## Exercise aim
Locate all lines in the data below that hold "White" and show them.

[[ Records for the task, beginning ]]

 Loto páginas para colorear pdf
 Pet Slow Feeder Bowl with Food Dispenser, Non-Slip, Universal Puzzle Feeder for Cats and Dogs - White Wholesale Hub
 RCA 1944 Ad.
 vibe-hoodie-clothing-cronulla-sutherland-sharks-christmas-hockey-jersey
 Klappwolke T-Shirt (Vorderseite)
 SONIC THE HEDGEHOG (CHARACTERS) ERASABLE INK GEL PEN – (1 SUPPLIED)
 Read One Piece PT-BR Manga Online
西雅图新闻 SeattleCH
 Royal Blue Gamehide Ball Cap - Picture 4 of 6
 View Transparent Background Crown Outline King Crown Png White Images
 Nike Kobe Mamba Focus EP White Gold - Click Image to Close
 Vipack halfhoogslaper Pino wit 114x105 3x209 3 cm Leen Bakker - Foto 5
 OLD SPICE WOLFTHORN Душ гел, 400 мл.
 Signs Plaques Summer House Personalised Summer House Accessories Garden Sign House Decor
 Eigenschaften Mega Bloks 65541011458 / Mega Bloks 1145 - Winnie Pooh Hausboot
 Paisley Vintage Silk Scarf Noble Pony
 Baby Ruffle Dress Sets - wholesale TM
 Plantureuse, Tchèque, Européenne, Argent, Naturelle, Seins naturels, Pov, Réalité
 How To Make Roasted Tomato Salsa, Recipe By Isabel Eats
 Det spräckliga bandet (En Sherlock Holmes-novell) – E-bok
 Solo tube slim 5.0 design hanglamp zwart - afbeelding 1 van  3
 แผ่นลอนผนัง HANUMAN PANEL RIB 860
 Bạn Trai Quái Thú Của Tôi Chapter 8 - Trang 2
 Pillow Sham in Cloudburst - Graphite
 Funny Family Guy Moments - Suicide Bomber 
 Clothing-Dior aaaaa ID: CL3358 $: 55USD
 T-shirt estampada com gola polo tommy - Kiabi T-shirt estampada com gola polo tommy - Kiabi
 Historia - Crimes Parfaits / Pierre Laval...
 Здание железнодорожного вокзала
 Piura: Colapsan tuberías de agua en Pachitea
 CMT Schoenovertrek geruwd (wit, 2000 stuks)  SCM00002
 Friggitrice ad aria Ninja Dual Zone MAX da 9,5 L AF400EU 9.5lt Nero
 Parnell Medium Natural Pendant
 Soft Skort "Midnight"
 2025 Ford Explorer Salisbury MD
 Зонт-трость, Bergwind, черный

[[ Records for the task, end ]]

## Task answer
 Pet Slow Feeder Bowl with Food Dispenser, Non-Slip, Universal Puzzle Feeder for Cats and Dogs - White Wholesale Hub
 View Transparent Background Crown Outline King Crown Png White Images
 Nike Kobe Mamba Focus EP White Gold - Click Image to Close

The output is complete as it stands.